▶ _Problem to work on_:
Please restate word for word only the lines that start at the one containing "Used 2025 Lexus UX 300h AWD image 12" and continue to the final line of the material.

*****

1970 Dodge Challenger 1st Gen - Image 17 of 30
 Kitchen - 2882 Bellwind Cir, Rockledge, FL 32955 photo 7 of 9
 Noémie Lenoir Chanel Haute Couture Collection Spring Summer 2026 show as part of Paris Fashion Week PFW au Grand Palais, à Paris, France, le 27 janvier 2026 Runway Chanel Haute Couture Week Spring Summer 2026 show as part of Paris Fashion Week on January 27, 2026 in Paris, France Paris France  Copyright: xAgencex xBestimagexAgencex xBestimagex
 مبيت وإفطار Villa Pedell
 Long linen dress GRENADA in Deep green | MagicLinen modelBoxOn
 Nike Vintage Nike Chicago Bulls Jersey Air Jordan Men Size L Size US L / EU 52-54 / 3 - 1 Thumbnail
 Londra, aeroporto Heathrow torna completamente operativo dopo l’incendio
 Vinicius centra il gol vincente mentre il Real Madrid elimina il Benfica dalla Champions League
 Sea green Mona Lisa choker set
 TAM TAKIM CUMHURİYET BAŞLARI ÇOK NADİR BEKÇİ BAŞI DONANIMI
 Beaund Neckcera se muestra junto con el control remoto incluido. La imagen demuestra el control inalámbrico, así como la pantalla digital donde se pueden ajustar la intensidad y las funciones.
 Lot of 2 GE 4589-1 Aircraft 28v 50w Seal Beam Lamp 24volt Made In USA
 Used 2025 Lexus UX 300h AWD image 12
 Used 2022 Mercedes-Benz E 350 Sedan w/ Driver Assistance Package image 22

*****

▶ _Answer space_:
 Used 2025 Lexus UX 300h AWD image 12
 Used 2022 Mercedes-Benz E 350 Sedan w/ Driver Assistance Package image 22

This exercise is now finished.